The unspoken message there: Once you (or an established leader) have lost the people’s trust, all bets are off. Almost anyone could potentially unseat you. While the TV comic’s victory in Ukraine seems like the starkest example, there may be similar lessons as close to the Kremlin as Armenia, where opposition lawmaker Nikol Pashinian strode into the prime minister’s post after leading street protests last spring, and as far away as the United States, where Donald Trump -- a real estate magnate who had never held office -- was elected president in 2016.

'Anything Is Possible'

As Zelenskiy put it minutes after voting ended and exit polls pointed to a landslide win in the April 21 runoff: “Let the entire former Soviet Union look at us and see that anything is possible.”

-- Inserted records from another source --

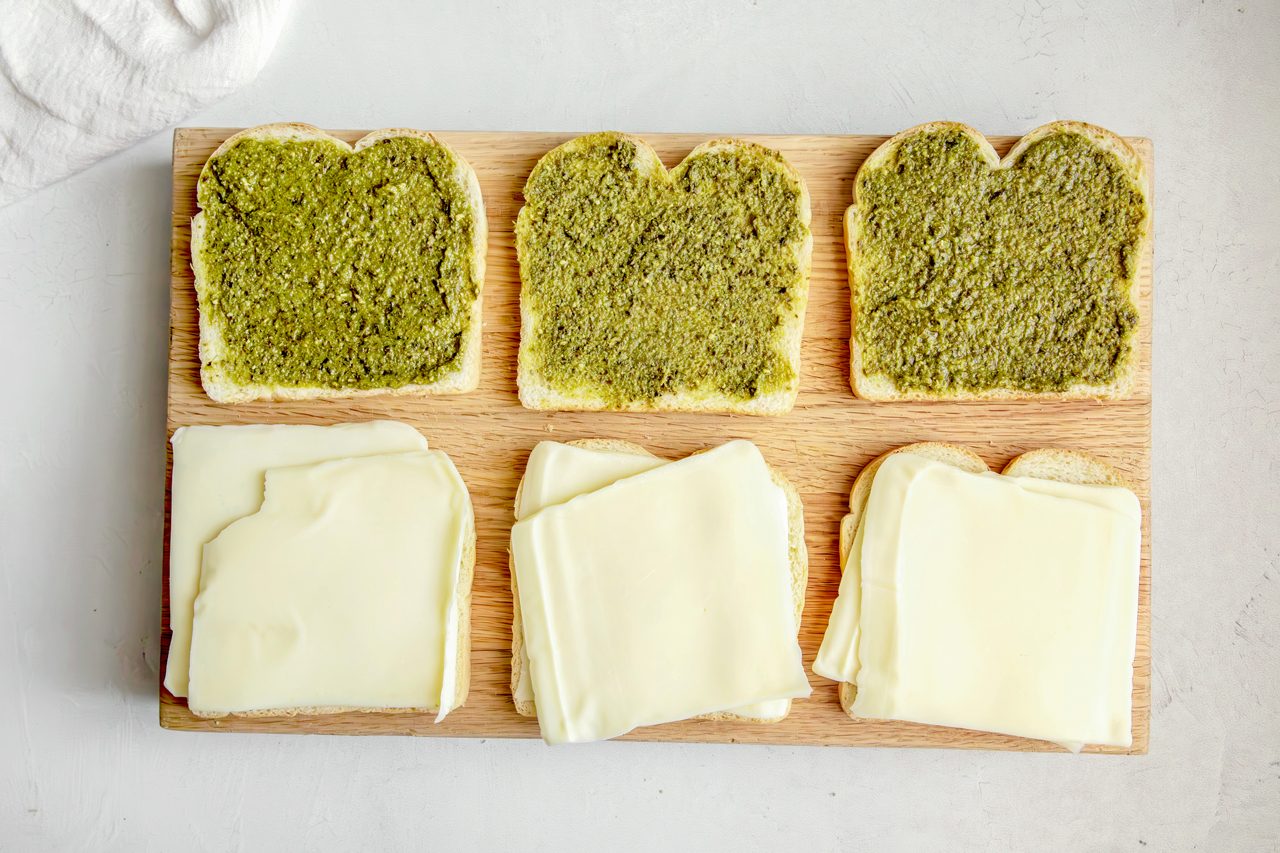 Overhead shot for Taste of Home Pesto Grilled Cheese, sandwiches being assembled on a wooden cutting board.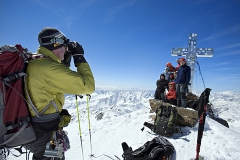 Man taking summit photo of group
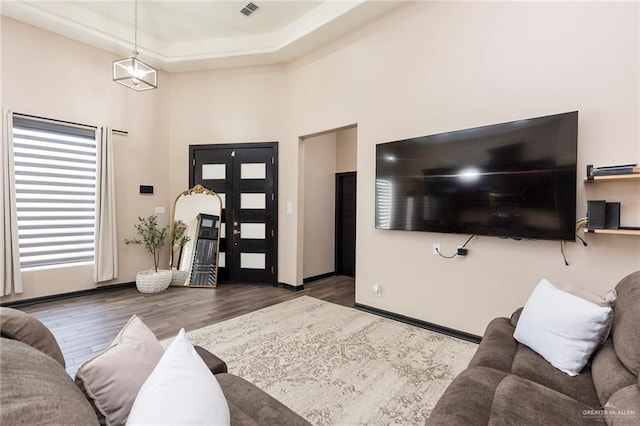 living room with dark hardwood / wood-style floors and a raised ceiling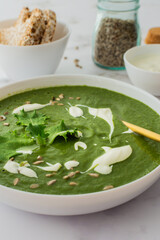 Healthy breakfasts, green broccoli and spinach cream soup with sunflower seeds and yogurt, buckwheat bread, top view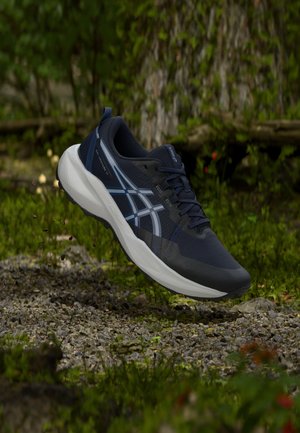 Chaussure de course bleu foncé avec semelle blanche et bandes, capturée en plein vol au-dessus d'un chemin de gravier dans un cadre forestier verdoyant.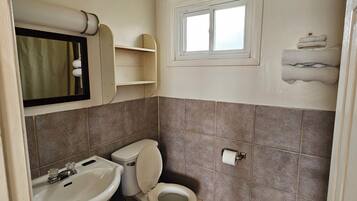 Un baño con inodoro, lavamanos y ventana.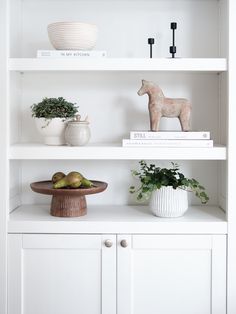 a white bookcase filled with books and vases on top of eachother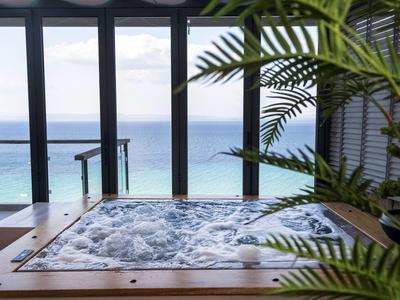 Ein Whirlpool mit Ausblick auf das Meer durch große Fenster in einem Hotelzimmer.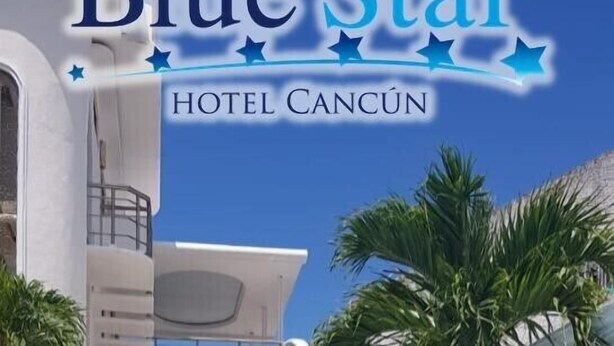A pool area with lounge chairs, a water feature, and a modern building with balconies. - Hotel Blue Star Cancun (Cancun)
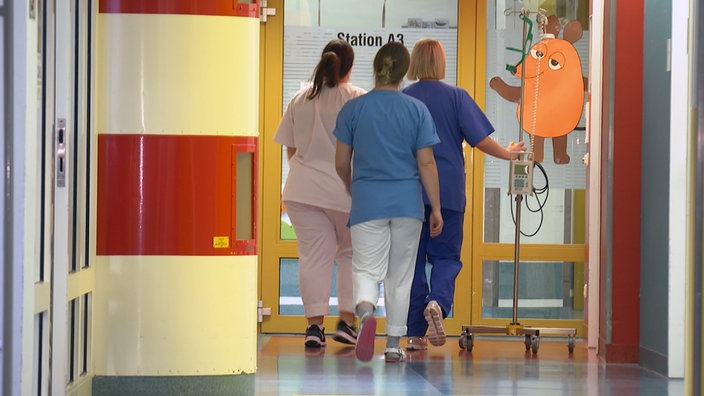 Drei Krankenschwestern laufen den Flur entlang in der Klinik. 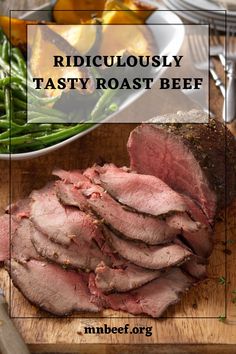 sliced roast beef sitting on top of a wooden cutting board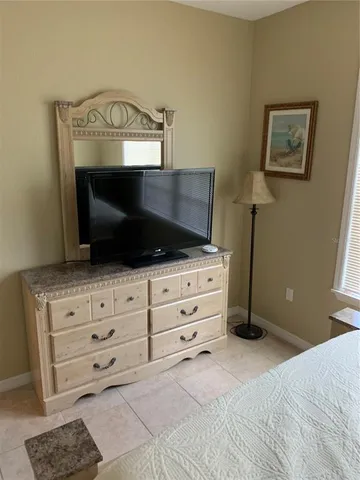 a bedroom with a bed a fireplace and a television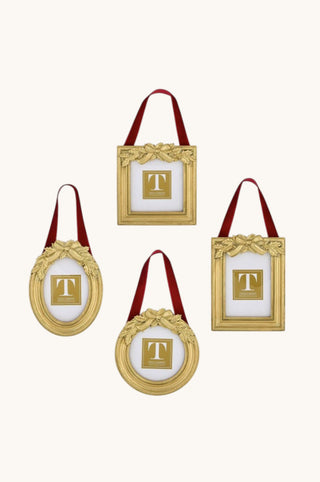 Four gold-framed hanging ornaments with red handles, each featuring a white insert with a gold monogram letter 'T', arranged on a light cream background.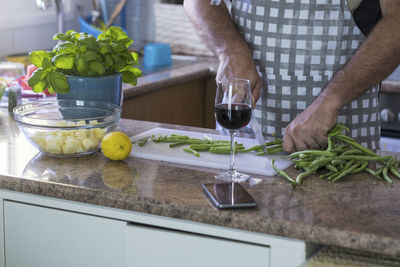 Man preparing food on cutting board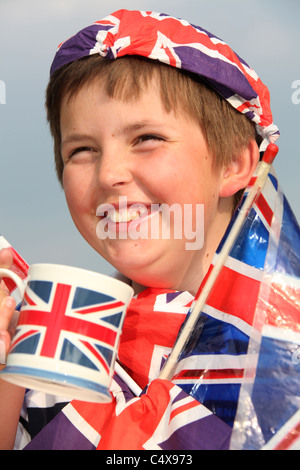 Close up ritratto di un giovane ragazzo di ridere mentre avente una tazza di tè, adornata con Union Jack Flag. Foto Stock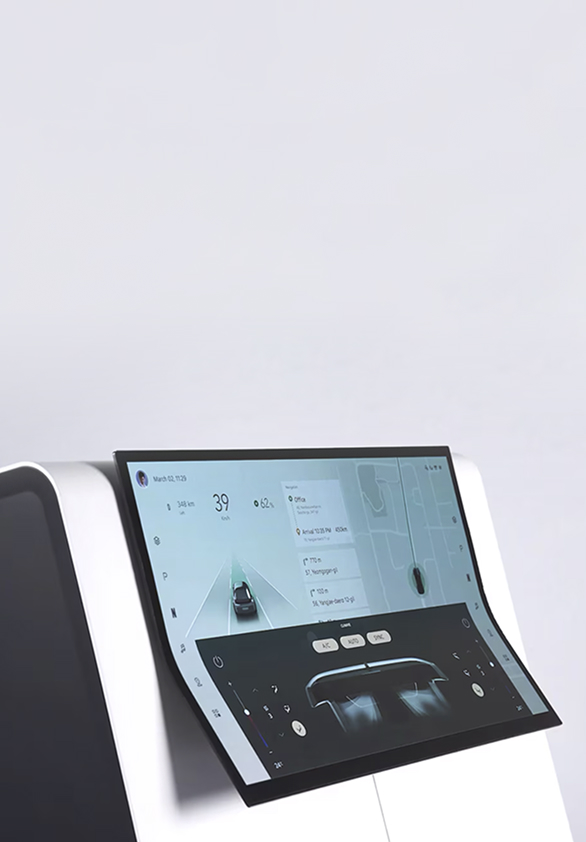 Close-up of a digital car head unit with a large interactive screen, representing intelligence behind the wheel.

Zelenskiy was presumably referring not only to his own stunning rise but also to the election itself, whose raucous, competitive feel drew comparisons with Russia’s no-contest contests.

“For Russia, the importance of Ukraine’s election isn’t so much who won, it’s how they won: in a free, fair, competitive vote in which the incumbent lost & conceded power,” BBC Moscow correspondent Steve Rosenberg tweeted about 24 hours after polls closed and Poroshenko conceded defeat based on exit poll results. “In the last couple of days I’ve heard several Russians say they’d like an election like that in their country.”

Putin, who said last year that he does not have a smartphone and in 2017 that he rarely looks at social media, may not spend much time on Odnoklassniki -- though who knows, really? But it seems highly unlikely that the joke would be lost on him if he did see it.

At nearly 76.7 percent, Putin’s official result in the March 2018 election was a bit better than Zelenskiy’s 73.2 percent in Ukraine.

By The Numbers

But polls since then have shown a sharp decrease in public trust in Putin: When asked by state-funded pollster VTsIOM to name Russian politicians they would trust to resolve “important matters of state,” just under 33 percent of respondents in results published on April 14 named Putin – down from more than 48 percent a year ago and close to the lowest level since 2006.

By at least one measure, Josef Stalin seems to be faring better than Putin in the minds of Russians: A total of 70 percent said that the Soviet dictator played a positive role in "the life of our country," according to results released by independent pollster Levada Center on April 16.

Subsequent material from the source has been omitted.